*Task requirements*: Reproduce the records below exactly, but only between the lines holding "achi.no.kurashiのTikTok投稿" and "الكلمة الأخيرة لأمريكا", inclusive.

*Data to use*:
===============
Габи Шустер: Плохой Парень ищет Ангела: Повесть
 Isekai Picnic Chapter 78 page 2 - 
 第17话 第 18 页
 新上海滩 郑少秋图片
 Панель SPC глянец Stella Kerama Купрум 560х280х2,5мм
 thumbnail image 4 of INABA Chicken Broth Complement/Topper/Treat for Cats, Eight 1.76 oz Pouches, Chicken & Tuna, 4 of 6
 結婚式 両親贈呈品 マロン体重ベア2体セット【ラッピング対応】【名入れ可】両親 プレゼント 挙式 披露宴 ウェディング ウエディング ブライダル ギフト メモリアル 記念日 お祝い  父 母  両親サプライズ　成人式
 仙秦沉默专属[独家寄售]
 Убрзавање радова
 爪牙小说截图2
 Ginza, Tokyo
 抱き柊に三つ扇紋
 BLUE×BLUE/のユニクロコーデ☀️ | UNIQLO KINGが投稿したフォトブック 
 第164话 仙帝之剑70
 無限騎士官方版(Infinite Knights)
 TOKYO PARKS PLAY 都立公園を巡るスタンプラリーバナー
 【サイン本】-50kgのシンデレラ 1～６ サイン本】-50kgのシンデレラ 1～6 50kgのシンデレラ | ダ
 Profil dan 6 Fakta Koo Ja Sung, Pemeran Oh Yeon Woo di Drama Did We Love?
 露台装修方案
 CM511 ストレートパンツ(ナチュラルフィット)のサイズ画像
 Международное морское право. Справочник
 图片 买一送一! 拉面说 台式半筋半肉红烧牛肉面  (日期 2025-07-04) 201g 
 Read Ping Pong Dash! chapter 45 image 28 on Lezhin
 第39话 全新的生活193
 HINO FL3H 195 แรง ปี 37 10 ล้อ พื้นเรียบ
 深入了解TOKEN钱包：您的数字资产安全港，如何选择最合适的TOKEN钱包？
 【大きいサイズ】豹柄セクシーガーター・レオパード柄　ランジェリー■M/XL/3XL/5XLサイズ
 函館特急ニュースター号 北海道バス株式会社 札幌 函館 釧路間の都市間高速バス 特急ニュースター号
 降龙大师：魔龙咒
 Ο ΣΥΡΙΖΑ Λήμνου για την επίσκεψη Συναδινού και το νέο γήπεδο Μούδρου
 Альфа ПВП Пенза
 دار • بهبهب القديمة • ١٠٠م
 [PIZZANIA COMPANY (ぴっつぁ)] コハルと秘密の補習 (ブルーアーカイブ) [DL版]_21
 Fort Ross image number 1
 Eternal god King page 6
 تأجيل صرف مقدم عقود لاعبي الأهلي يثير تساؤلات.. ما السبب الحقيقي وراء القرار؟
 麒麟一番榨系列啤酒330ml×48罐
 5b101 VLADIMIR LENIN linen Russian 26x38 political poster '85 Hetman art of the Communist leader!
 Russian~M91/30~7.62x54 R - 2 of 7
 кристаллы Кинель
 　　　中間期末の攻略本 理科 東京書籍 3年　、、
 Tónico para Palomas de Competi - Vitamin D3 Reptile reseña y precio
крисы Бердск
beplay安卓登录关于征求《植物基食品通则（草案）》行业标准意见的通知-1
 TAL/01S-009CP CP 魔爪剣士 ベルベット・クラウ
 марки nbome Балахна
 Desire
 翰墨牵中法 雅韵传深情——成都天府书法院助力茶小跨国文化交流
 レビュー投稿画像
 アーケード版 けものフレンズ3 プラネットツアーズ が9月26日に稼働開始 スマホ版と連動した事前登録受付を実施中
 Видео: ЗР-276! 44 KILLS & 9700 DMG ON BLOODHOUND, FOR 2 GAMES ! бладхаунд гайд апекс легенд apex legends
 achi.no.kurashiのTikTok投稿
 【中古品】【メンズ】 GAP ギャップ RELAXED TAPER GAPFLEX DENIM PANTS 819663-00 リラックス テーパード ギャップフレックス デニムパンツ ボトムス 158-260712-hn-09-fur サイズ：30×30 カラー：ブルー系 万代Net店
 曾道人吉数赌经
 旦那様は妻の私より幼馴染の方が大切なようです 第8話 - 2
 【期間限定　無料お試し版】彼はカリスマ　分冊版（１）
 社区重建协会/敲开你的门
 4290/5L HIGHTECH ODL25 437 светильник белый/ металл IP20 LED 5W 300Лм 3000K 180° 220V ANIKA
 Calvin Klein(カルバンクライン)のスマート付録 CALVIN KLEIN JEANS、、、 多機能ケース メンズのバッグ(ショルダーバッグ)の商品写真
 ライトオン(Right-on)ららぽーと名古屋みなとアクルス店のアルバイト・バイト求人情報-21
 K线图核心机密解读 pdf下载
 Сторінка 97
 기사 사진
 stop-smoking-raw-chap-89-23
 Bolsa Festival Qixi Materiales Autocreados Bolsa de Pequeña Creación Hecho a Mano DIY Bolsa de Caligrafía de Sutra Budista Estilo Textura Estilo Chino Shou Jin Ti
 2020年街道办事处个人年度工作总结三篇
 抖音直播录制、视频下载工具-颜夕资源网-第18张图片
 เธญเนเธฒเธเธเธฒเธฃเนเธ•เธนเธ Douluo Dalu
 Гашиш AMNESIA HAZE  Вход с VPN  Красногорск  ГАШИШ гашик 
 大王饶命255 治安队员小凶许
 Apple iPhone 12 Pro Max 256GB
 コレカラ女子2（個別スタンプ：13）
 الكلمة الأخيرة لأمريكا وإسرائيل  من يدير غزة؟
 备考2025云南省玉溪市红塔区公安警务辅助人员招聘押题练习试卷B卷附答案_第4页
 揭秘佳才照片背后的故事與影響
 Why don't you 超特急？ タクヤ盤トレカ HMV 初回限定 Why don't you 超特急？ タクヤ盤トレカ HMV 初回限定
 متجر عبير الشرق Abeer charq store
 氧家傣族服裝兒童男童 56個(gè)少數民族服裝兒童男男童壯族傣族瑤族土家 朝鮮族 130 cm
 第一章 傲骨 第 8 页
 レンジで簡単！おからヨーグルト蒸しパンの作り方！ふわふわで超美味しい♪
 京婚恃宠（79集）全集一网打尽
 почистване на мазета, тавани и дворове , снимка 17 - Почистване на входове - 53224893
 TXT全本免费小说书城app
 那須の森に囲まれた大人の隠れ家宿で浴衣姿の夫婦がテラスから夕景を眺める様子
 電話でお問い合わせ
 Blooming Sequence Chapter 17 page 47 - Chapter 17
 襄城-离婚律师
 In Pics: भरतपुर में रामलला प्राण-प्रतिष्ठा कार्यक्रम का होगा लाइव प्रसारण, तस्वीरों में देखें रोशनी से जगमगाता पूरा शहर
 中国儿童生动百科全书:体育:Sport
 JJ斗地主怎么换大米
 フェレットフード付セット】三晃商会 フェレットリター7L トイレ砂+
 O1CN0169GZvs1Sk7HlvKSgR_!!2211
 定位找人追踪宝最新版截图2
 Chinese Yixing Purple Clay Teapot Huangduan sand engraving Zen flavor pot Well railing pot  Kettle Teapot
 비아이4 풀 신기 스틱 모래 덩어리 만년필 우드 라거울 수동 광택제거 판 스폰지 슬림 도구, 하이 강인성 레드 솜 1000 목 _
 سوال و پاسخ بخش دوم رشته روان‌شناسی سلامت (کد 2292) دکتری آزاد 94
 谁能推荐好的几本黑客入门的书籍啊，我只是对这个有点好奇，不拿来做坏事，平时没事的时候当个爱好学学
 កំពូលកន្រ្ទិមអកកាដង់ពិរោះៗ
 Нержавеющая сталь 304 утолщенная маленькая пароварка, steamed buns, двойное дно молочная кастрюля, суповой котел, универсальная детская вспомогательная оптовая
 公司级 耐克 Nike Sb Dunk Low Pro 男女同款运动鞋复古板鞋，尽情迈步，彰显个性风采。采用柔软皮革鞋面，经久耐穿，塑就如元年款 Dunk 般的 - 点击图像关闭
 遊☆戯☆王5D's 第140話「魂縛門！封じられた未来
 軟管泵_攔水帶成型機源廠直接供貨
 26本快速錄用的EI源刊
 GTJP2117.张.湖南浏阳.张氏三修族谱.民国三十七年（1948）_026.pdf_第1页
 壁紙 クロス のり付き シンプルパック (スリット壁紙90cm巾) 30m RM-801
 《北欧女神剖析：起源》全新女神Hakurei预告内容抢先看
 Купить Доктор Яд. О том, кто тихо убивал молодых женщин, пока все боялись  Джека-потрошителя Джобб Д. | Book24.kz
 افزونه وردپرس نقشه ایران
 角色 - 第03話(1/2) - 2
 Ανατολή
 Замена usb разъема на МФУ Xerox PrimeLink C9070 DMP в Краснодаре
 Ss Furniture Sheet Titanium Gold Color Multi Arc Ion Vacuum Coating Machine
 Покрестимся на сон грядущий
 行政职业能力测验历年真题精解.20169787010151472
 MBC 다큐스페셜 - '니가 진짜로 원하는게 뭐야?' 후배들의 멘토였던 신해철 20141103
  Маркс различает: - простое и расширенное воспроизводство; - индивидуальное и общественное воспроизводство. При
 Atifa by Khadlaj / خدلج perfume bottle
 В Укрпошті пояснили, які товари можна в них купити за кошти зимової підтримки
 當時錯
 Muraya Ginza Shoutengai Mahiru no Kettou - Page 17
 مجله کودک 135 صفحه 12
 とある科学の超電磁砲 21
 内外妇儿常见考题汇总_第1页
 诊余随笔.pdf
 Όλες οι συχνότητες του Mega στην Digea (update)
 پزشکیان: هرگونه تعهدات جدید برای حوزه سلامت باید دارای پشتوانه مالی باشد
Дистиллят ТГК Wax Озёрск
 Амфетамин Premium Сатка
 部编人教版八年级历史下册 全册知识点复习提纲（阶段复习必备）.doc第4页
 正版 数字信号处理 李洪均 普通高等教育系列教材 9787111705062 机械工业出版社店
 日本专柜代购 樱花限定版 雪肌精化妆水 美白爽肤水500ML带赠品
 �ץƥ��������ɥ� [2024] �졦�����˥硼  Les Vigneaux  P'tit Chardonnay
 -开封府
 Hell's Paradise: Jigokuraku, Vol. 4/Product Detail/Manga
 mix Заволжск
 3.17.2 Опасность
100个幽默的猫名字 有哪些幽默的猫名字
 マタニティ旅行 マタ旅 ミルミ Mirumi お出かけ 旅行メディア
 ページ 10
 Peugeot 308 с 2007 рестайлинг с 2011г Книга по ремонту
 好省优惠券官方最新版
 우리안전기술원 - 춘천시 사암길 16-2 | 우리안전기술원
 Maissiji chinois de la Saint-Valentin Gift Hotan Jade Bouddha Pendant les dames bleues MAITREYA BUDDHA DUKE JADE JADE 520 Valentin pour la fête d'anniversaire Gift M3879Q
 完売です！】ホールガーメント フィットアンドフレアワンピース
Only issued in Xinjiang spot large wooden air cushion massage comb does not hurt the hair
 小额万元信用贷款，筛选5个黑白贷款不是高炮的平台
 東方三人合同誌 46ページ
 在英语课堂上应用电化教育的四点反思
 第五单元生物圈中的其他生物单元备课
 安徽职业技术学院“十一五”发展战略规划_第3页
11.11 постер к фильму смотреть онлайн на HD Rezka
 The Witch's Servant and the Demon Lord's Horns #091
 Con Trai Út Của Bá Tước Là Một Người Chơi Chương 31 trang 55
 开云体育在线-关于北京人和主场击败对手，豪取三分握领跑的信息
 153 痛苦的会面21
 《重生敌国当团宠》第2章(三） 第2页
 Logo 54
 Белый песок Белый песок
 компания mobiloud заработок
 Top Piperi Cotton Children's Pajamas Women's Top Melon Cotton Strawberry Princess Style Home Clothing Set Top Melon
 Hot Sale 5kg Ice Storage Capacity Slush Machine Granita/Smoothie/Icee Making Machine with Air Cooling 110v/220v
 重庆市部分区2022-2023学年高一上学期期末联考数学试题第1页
===============
*Problem solution*:
 achi.no.kurashiのTikTok投稿
 【中古品】【メンズ】 GAP ギャップ RELAXED TAPER GAPFLEX DENIM PANTS 819663-00 リラックス テーパード ギャップフレックス デニムパンツ ボトムス 158-260712-hn-09-fur サイズ：30×30 カラー：ブルー系 万代Net店
 曾道人吉数赌经
 旦那様は妻の私より幼馴染の方が大切なようです 第8話 - 2
 【期間限定　無料お試し版】彼はカリスマ　分冊版（１）
 社区重建协会/敲开你的门
 4290/5L HIGHTECH ODL25 437 светильник белый/ металл IP20 LED 5W 300Лм 3000K 180° 220V ANIKA
 Calvin Klein(カルバンクライン)のスマート付録 CALVIN KLEIN JEANS、、、 多機能ケース メンズのバッグ(ショルダーバッグ)の商品写真
 ライトオン(Right-on)ららぽーと名古屋みなとアクルス店のアルバイト・バイト求人情報-21
 K线图核心机密解读 pdf下载
 Сторінка 97
 기사 사진
 stop-smoking-raw-chap-89-23
 Bolsa Festival Qixi Materiales Autocreados Bolsa de Pequeña Creación Hecho a Mano DIY Bolsa de Caligrafía de Sutra Budista Estilo Textura Estilo Chino Shou Jin Ti
 2020年街道办事处个人年度工作总结三篇
 抖音直播录制、视频下载工具-颜夕资源网-第18张图片
 เธญเนเธฒเธเธเธฒเธฃเนเธ•เธนเธ Douluo Dalu
 Гашиш AMNESIA HAZE  Вход с VPN  Красногорск  ГАШИШ гашик 
 大王饶命255 治安队员小凶许
 Apple iPhone 12 Pro Max 256GB
 コレカラ女子2（個別スタンプ：13）
 الكلمة الأخيرة لأمريكا وإسرائيل  من يدير غزة؟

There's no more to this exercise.